Bencana dan musibah itu tidak harus ditakuti. Tapi harus mencerdaskan hati, untuk kian mendekatkan seutas jiwa ini pada keimanan dan ketaqwaan pada sang illahi. Karena selembar nafas ini..., bisa terputus kapan saja dalam sebuah misteri. Hanya kepadanya kita mengabdi, dan hanya kepadanya kita kembali...
Gempa besar bukanlah hari yang besar
Fakta dan sejarah kebencanaan di Indonesia, tentu saja harus menjadikan ini untuk lebih giat lagi berliterasi. Literasi tentang gempa dan bencana, serta bagaimana mitigasinya. Baik untuk individu, keluarga, kelompok, maupun masyarakat luas.

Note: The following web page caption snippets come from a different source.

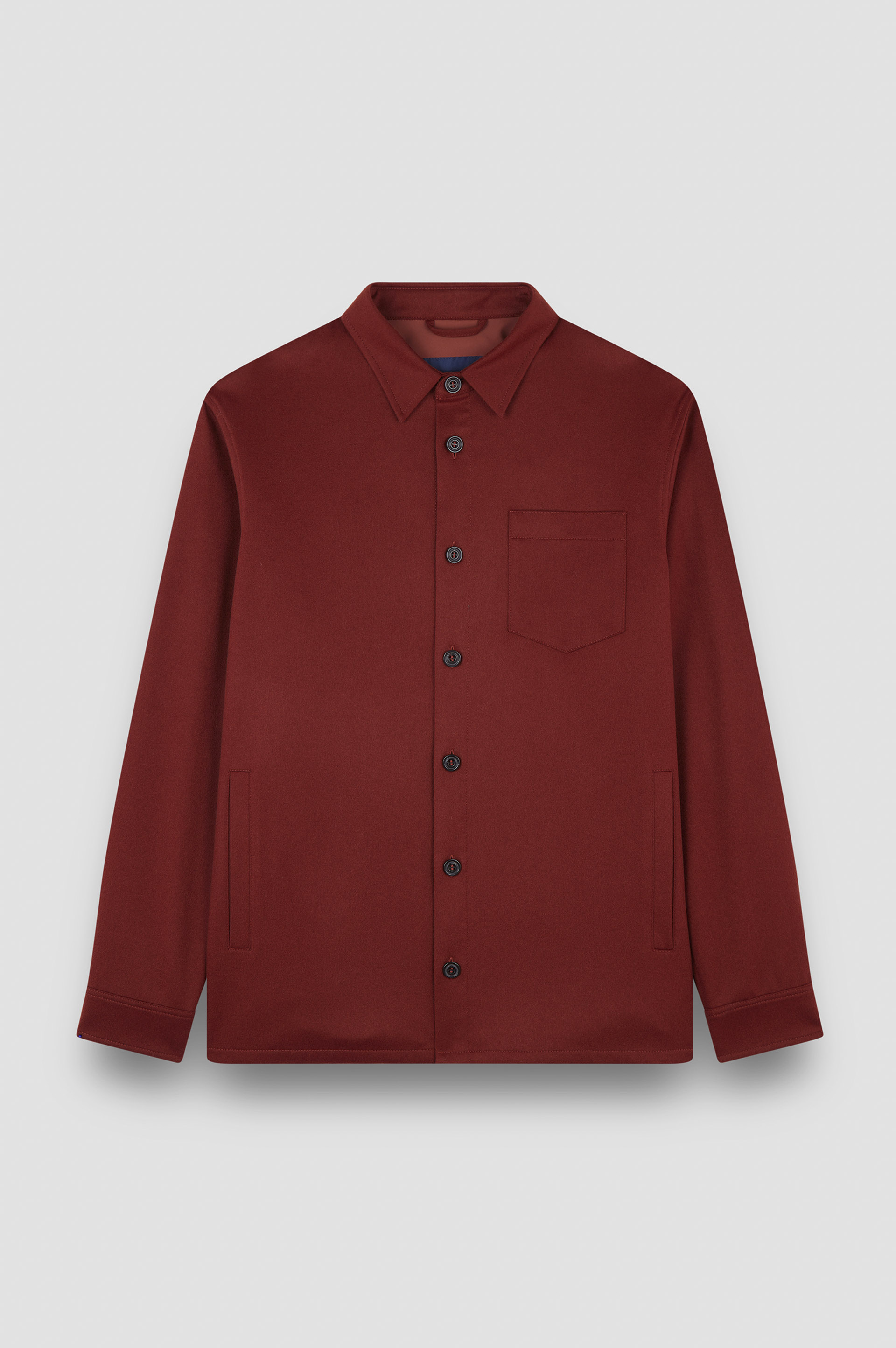 cashmere Overshirt image number 1 cashmere Overshirt image number 1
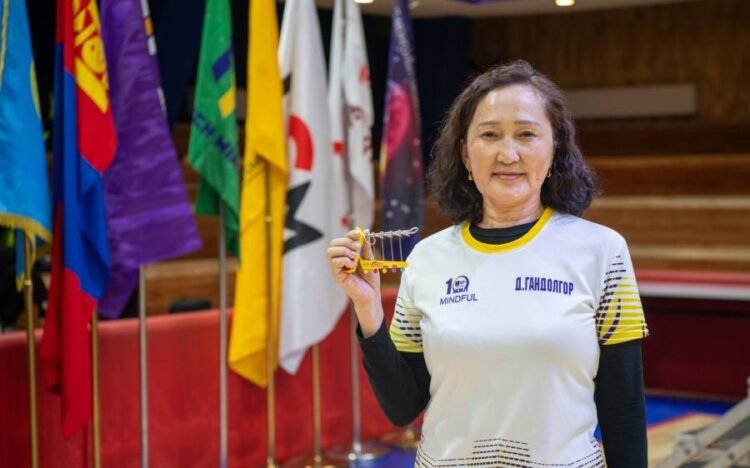A 61-Year-Old Mind Sports Athlete
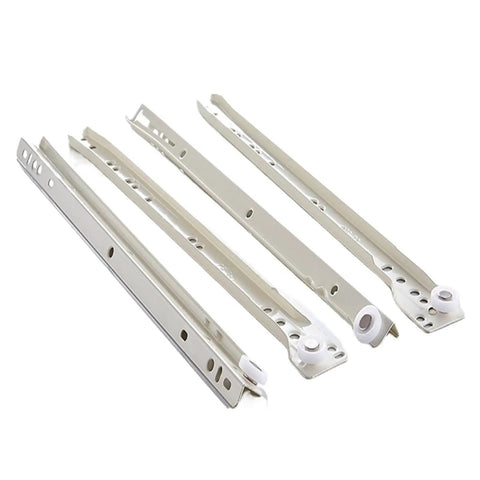 Heavy Duty 14 Inch Drawer Slides And Cabinet Rails For Home Office And Furniture Smooth Glide Bottom Mount Track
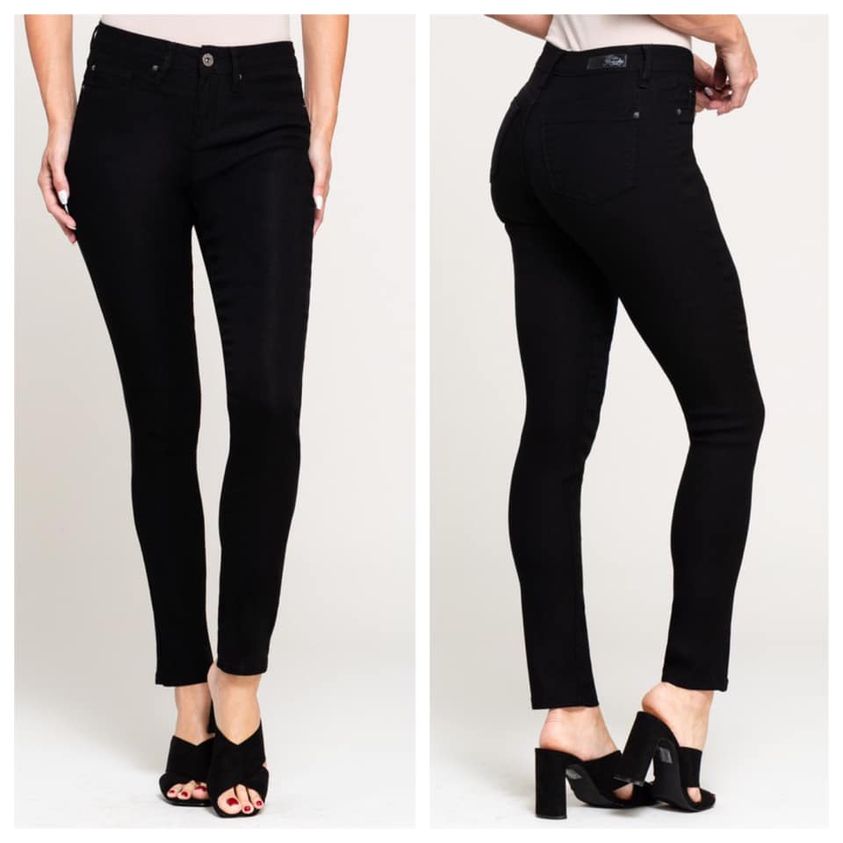 Black Hyperstretch Jeans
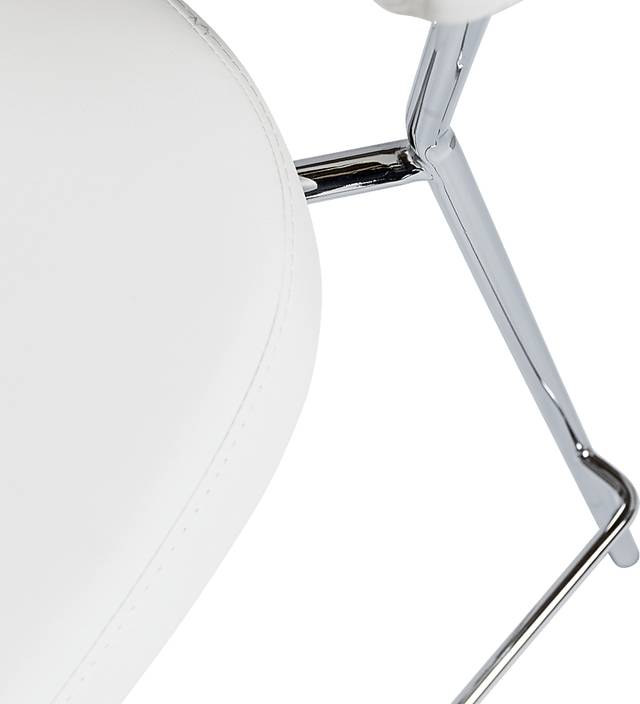 Artigale White Counter Stool, Set of 2 - Thumbnail - Image 7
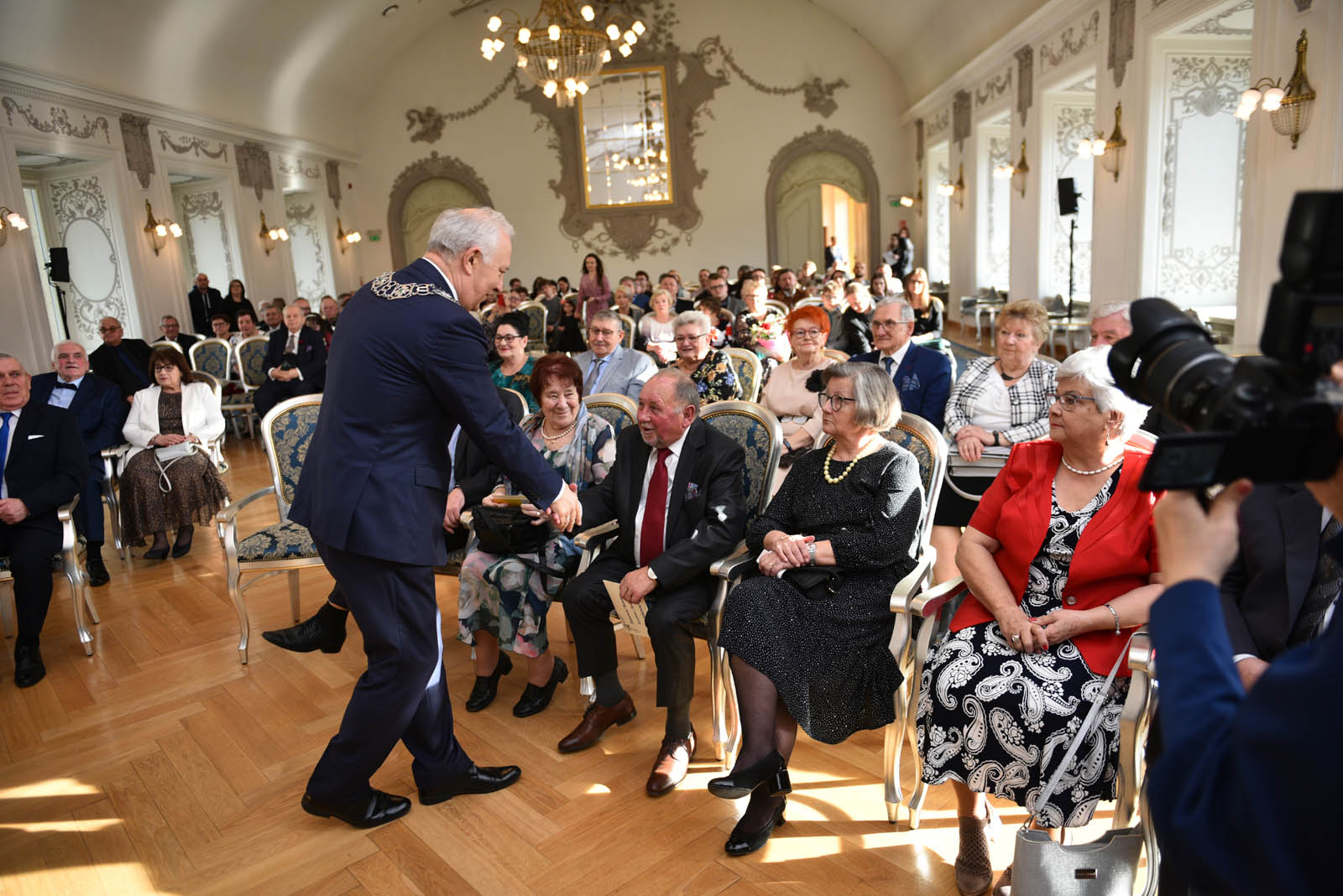 Prezydenckie medale za długoletnie pożycie małżeńskie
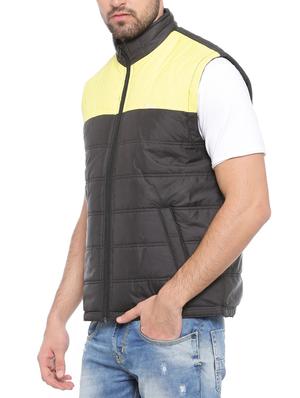 black polyester quilted jacket - 14527671 - Standard Image - 2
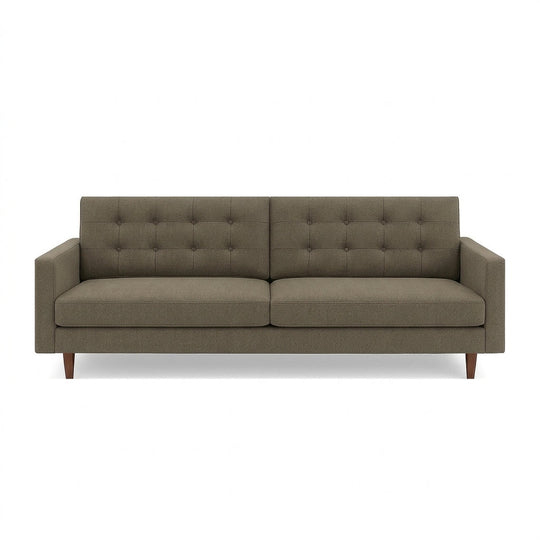 Vogue Modern Sofa in Sensation Midnight detail view - modern sofa by Stanton - Whats New Furniture Portland OR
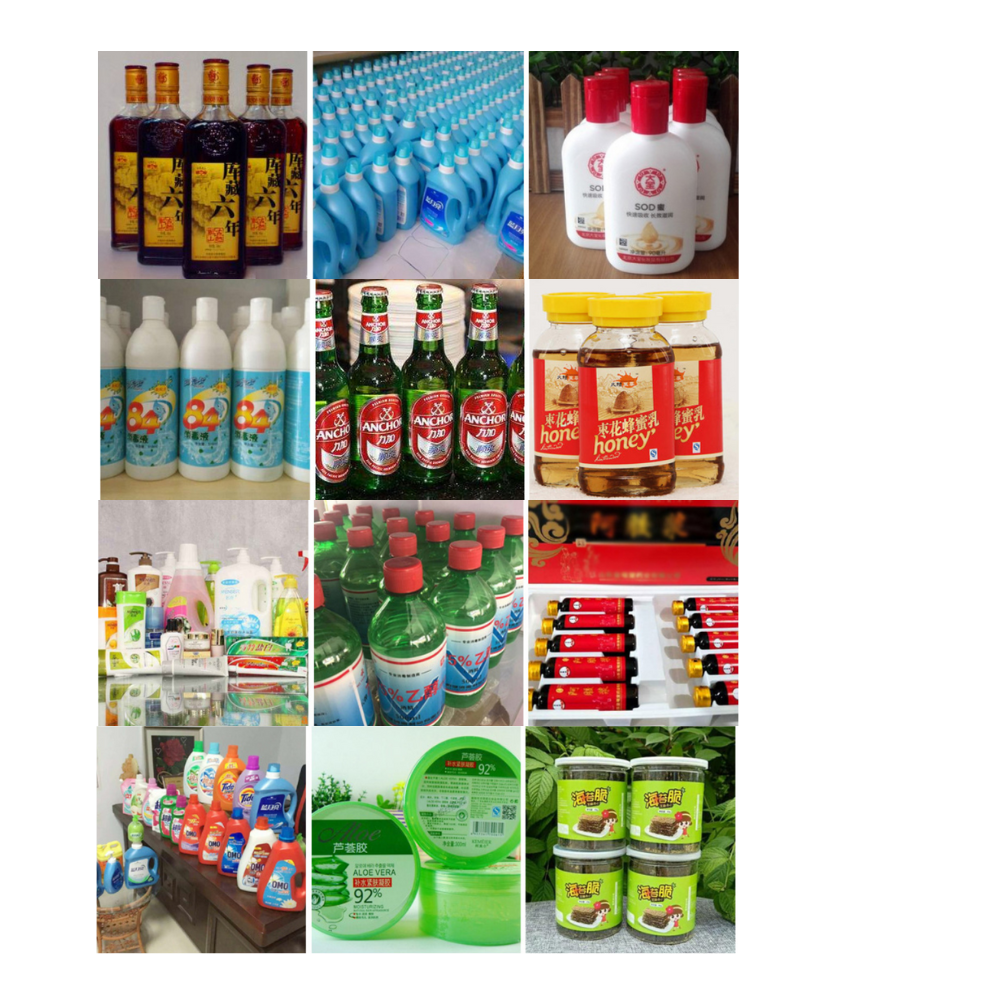 Automatic high-speed double side labeling machine for Single -sided double-sided Square bottle and oval bottle labeling
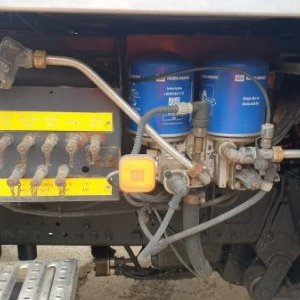 foto pera! 250t tahač 8x4 hydr. MAN TGA 41.660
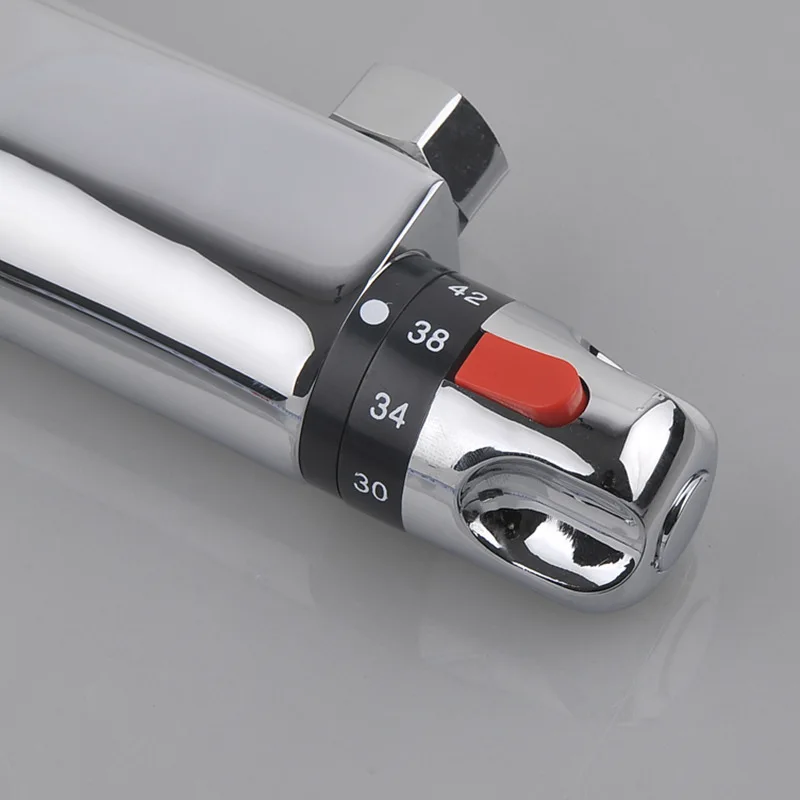 Смесители для ванной и душа с клапаном управления водой настенный керамический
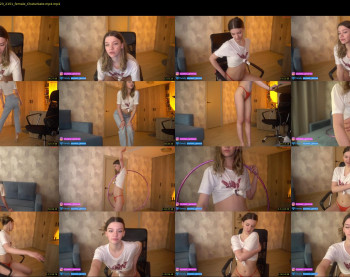 coyness_geneva — 110 minute Chaturbate female cam show recording, 720p, Feb 28, 2023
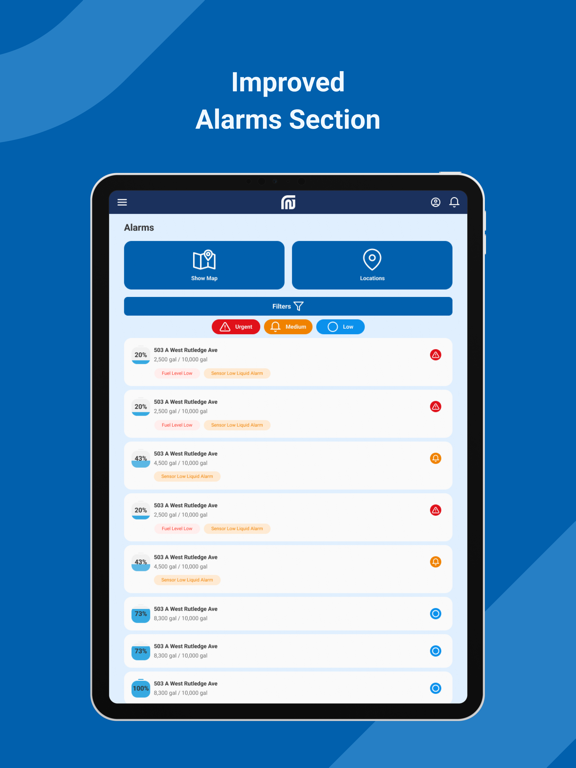 FuelNet iPad screenshot 3 - Business app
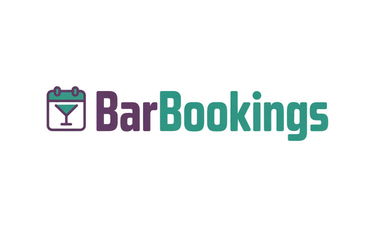 BarBookings.com - Creative brandable domain for sale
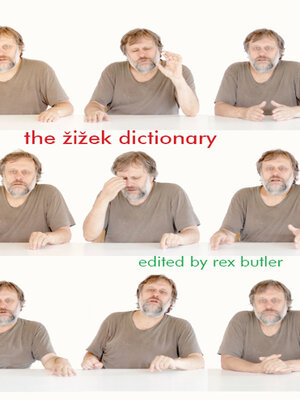 cover image of The Žižek Dictionary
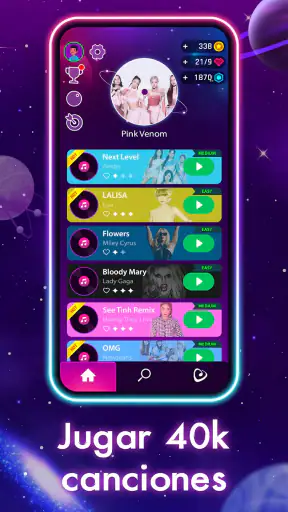 Dancing Road: Juego De Pelotas screenshot 1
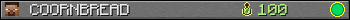 COORNBREAD userbar 350x20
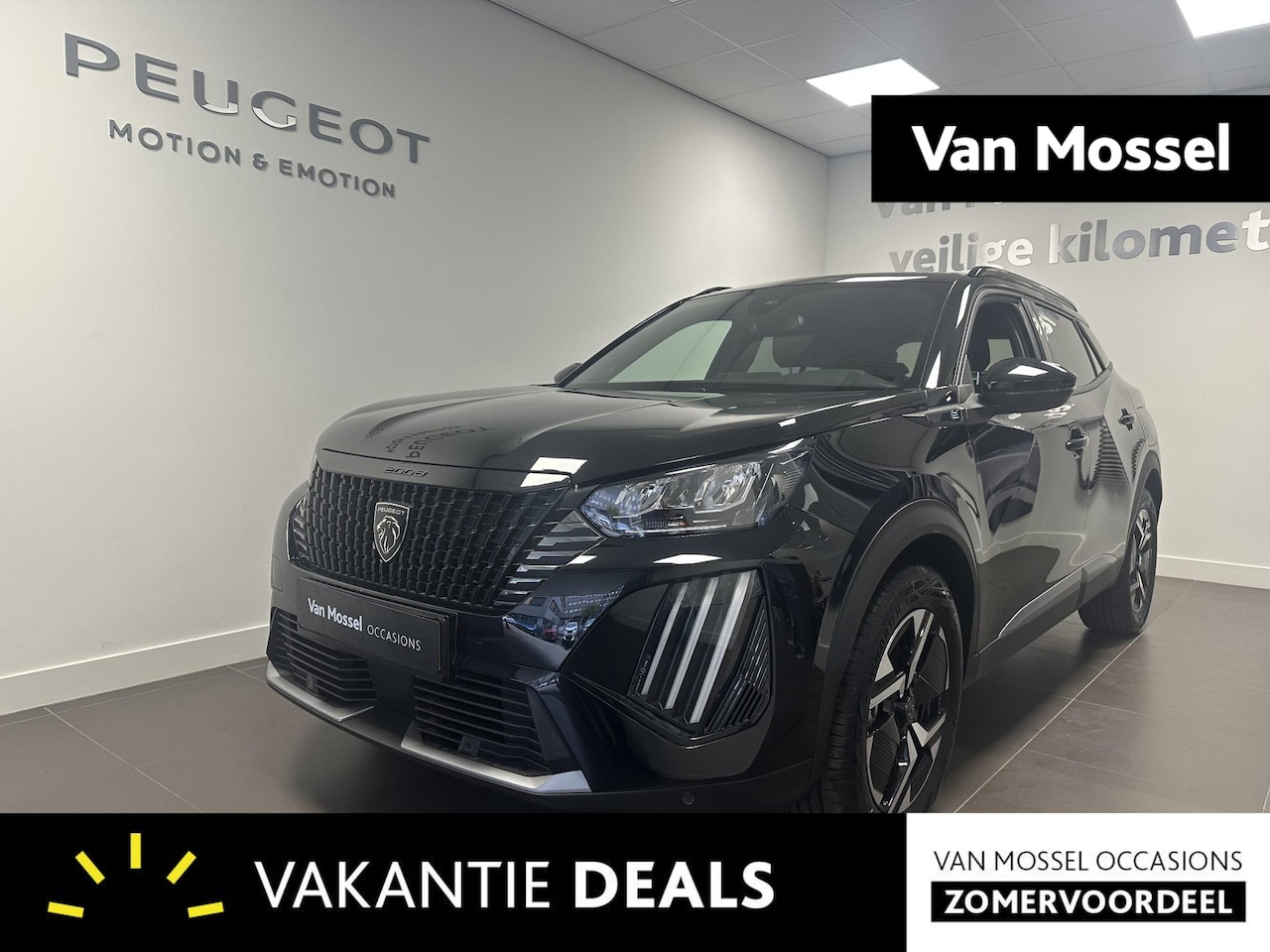 Peugeot e-2008 - EV Allure 54 kWh | Climate control | Apple Carplay/Android Auto | Long Range! - AutoWereld.nl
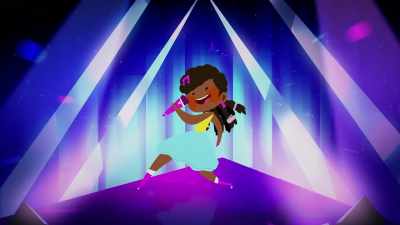 Singing, dancing,
moviemaking. - LEGO Friends: Girls on a Mission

Lebih dari itu, tentu saja bencana demi bencana yang terjadi di Indonesia, haruslah membuat diri kita dan keluarga menjadi semakin cerdas. Rasulullah pernah mengingatkan kita bahwa orang cerdas adalah orang yang mau mengoreksi dirinya dan berbuat untuk kehidupan setelah kematian. Hisablah sebelum dihisab, timbanglah sebelum ditimbang.
Sahabat saya pernah juga mengingatkan, "Pesan lainnya adalah harus tetap waspada dan eling. Contoh ya, saya mah kalau di rumah kostum teh suka sahayuna (suka sekenanya). Ternyata Allah bisa kasih kejutan kapan saja. Kumaha (gimana) kalau kita kena musibah saat tidak menutup aurat. Pantesan katanya orang di Palestina selalu berusaha pake baju lengkap. Karena mereka kan rawan gunjang ganjing".
Sahabat lain pun mengingatkan, "Mencemaskan Mas, akibat fasad atau kerusakan yang dibuat manusia, namun justru harus bisa mencerdaskan bagi orang-orang yang mau berdzikir dan berfikir".
Seorang sahabat di seberang, juga pernah menyampaikan pendapatnya : "Seharusnya tidak mencemaskan, karena untuk yang tidak berfikir setidaknya akan mencari sebabnya sekemampuan data nalar dia. Sedangkan untuk yang berfikir, tentu akan makin mencerdaskan dia bahwa ada hal lain diluar daya nalar dia yag dia tidak pahami, tapi wajib diyakini dengan keimanan".
"Dan, bersiaplah untuk menghadapi hari yang besar, yakni hari diperlihatkannya amal seseorang sementara semua amal kalian tidak tersembunyi dari-Nya.", demikian Umar bin Khattab pernah mengingatkan.
Karena itu, mungpung kita masih diberi waktu, orang yang cerdas adalah yang menegakkan agama demi maslahat dunia-akhirat. Lalu mempersiapkan amal-amal kita apa yang akan dicatat.
Rasulullah SAW ditanya oleh salah seorang Ansar yang dibawa oleh Ibnu Umar untuk menemuinya, "Wahai Nabi, siapakah orang yang paling cerdas dan paling mulia?" Beliau menjawab, "Orang yang paling banyak mengingat kematian dan paling siap menghadapinya. Mereka adalah orang-orang yang paling cerdas. Mereka pergi dengan kemuliaan di dunia dan kehormatan di akhirat." (HR at-Tirmidzi).